Crawled caption data:
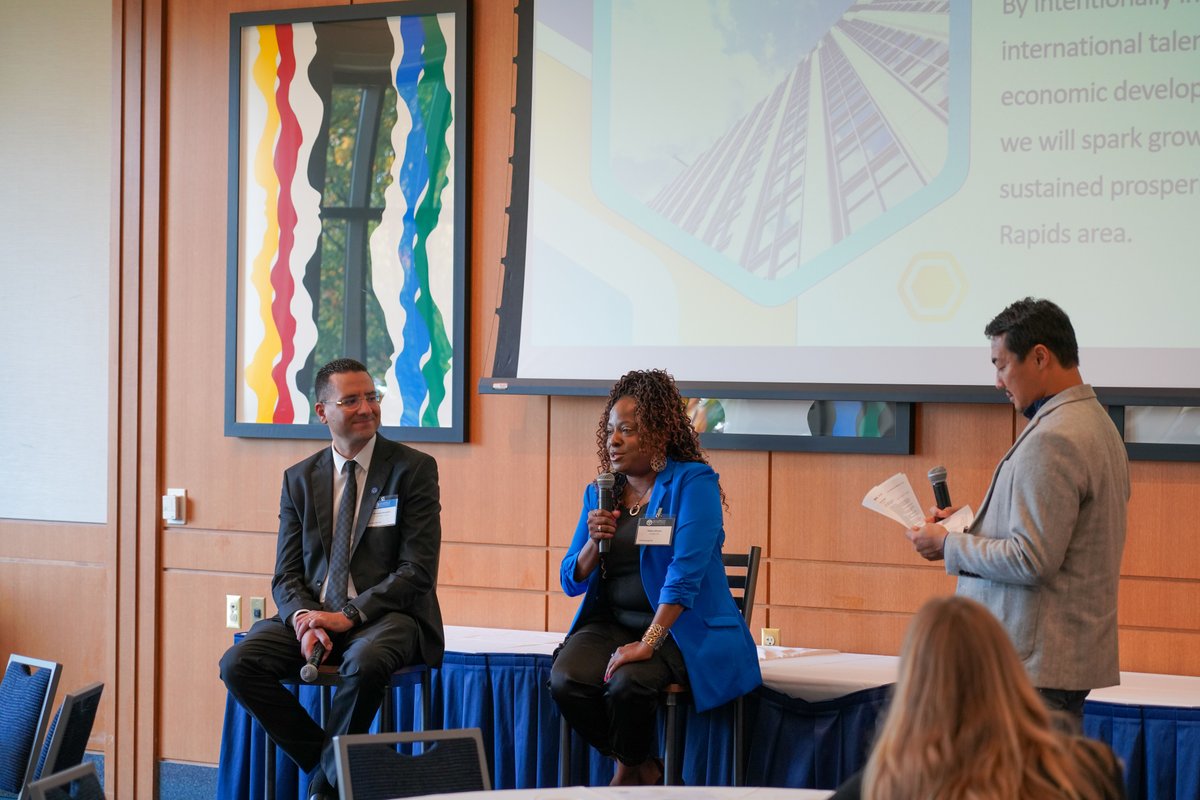 gvsucomputing's tweet image. Tech Week: Grand Rapids has been an amazing week! From hearing from experts and CEOs, to showcasing some of the amazing stuff the College of Computing is doing, we thank everyone who stopped by! #TechWeekGR

Read an overview of the week here: bit.ly/4e9xFkx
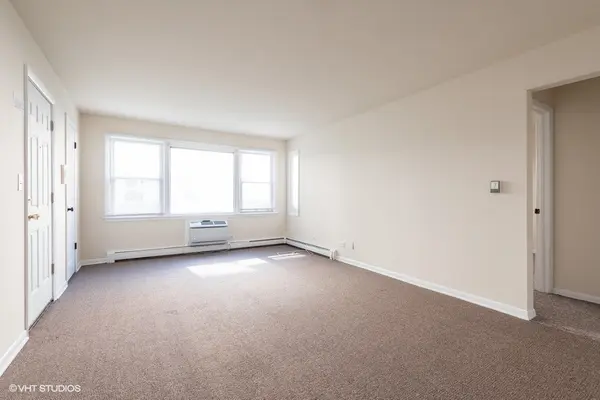 2003 W Touhy AVE #203, Chicago, IL 60645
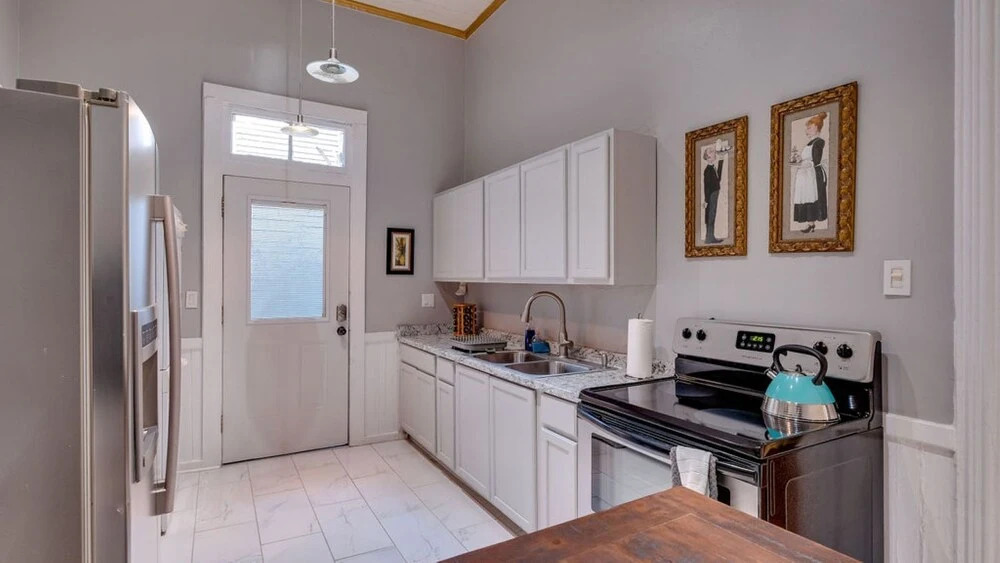 Elegant 2BR on Forsyth Park Savannah - photo 14
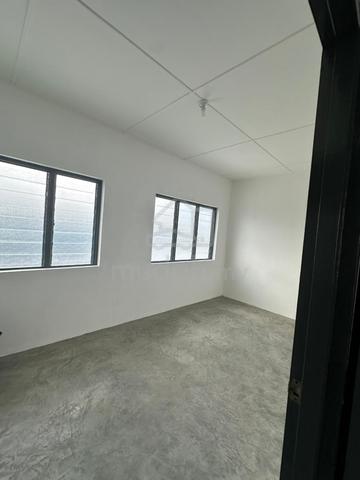 Desa Ilmu, Kota Samarahan Double Storey Intermediate Terrace House 5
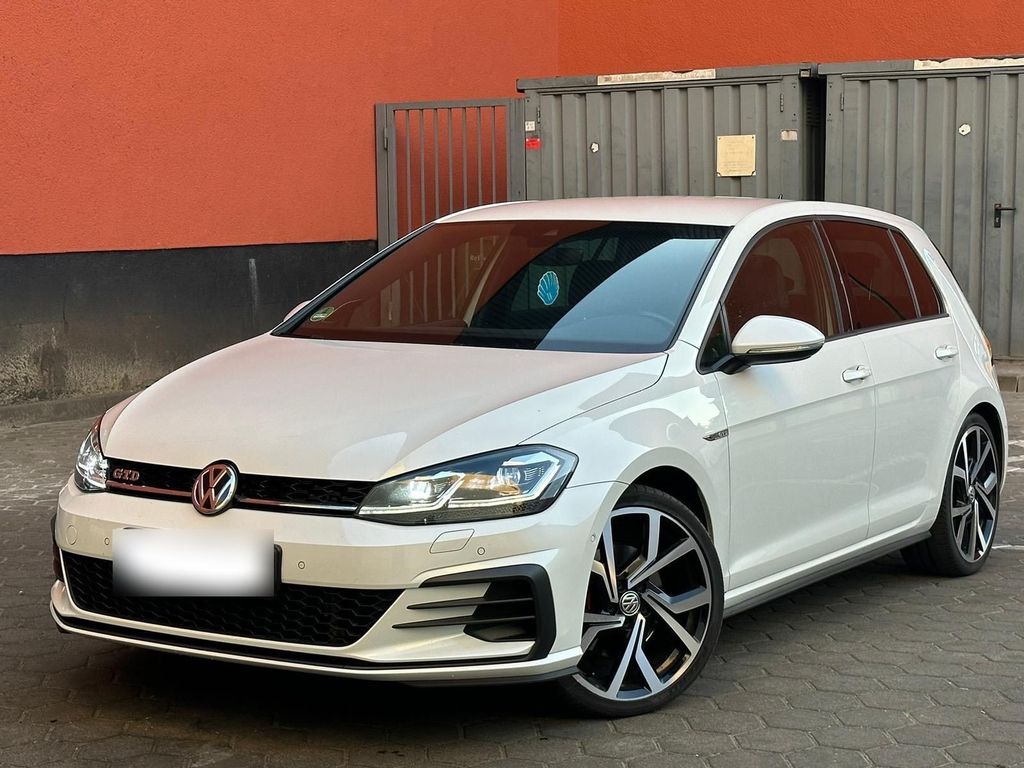 Image of Volkswagen Golf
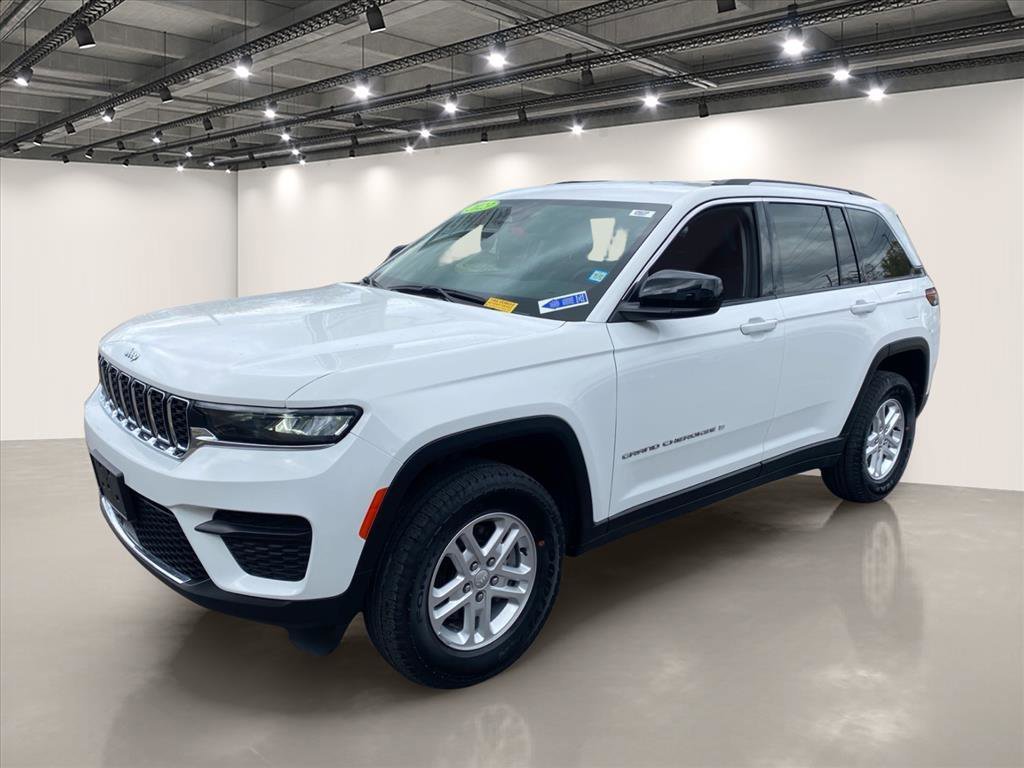 Used 2023 Bright White Clearcoat Jeep Laredo image 3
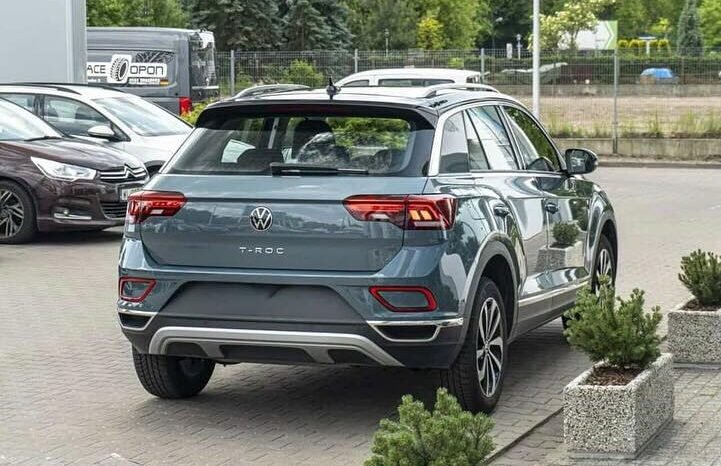 
								Volkswagen T-Roc full									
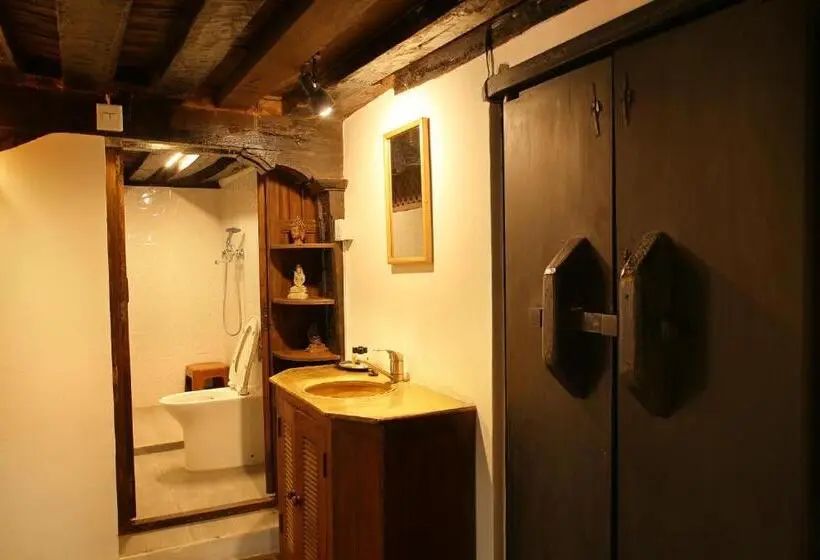اتاق استاندارد, Newa Chen Historic House Unesco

§ **What you need to do**
Copy the final stretch of the entries exactly: the line containing "Elegant 2BR on" and every line after it through the last. Include no pictures and nothing more.

§ **Result of the task**
 Elegant 2BR on Forsyth Park Savannah - photo 14
 Desa Ilmu, Kota Samarahan Double Storey Intermediate Terrace House 5
 Image of Volkswagen Golf
 Used 2023 Bright White Clearcoat Jeep Laredo image 3
								Volkswagen T-Roc full									
اتاق استاندارد, Newa Chen Historic House Unesco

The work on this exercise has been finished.